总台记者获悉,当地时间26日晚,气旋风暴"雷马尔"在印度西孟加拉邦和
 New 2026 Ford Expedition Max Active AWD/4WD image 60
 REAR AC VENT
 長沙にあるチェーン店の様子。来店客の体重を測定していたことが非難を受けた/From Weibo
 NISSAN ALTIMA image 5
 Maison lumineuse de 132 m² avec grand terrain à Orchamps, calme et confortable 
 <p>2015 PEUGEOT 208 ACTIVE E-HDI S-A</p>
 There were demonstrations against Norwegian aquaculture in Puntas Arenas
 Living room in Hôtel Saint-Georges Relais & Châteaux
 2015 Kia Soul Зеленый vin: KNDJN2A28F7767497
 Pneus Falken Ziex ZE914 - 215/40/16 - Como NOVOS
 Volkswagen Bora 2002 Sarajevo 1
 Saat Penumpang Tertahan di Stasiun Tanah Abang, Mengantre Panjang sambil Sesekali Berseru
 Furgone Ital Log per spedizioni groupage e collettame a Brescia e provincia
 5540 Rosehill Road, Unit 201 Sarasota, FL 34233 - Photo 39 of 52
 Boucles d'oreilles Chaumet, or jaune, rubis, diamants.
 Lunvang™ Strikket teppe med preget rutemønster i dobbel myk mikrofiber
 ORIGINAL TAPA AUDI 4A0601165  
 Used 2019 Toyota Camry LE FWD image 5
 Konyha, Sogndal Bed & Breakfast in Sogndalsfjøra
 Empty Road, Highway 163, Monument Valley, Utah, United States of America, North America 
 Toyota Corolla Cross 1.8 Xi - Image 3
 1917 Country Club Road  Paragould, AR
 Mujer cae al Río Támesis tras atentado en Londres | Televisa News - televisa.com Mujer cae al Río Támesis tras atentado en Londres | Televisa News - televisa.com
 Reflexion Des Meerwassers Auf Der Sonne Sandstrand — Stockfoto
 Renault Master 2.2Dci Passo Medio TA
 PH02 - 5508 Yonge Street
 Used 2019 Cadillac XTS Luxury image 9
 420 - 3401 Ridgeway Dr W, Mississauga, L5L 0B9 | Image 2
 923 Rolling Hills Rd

★ ★ ★

Copy out the lines from the line containing "Boucles d'oreilles Chaumet, or" to the end of the listing above, without alteration.

» **Response area**:
 Boucles d'oreilles Chaumet, or jaune, rubis, diamants.
 Lunvang™ Strikket teppe med preget rutemønster i dobbel myk mikrofiber
 ORIGINAL TAPA AUDI 4A0601165  
 Used 2019 Toyota Camry LE FWD image 5
 Konyha, Sogndal Bed & Breakfast in Sogndalsfjøra
 Empty Road, Highway 163, Monument Valley, Utah, United States of America, North America 
 Toyota Corolla Cross 1.8 Xi - Image 3
 1917 Country Club Road  Paragould, AR
 Mujer cae al Río Támesis tras atentado en Londres | Televisa News - televisa.com Mujer cae al Río Támesis tras atentado en Londres | Televisa News - televisa.com
 Reflexion Des Meerwassers Auf Der Sonne Sandstrand — Stockfoto
 Renault Master 2.2Dci Passo Medio TA
 PH02 - 5508 Yonge Street
 Used 2019 Cadillac XTS Luxury image 9
 420 - 3401 Ridgeway Dr W, Mississauga, L5L 0B9 | Image 2
 923 Rolling Hills Rd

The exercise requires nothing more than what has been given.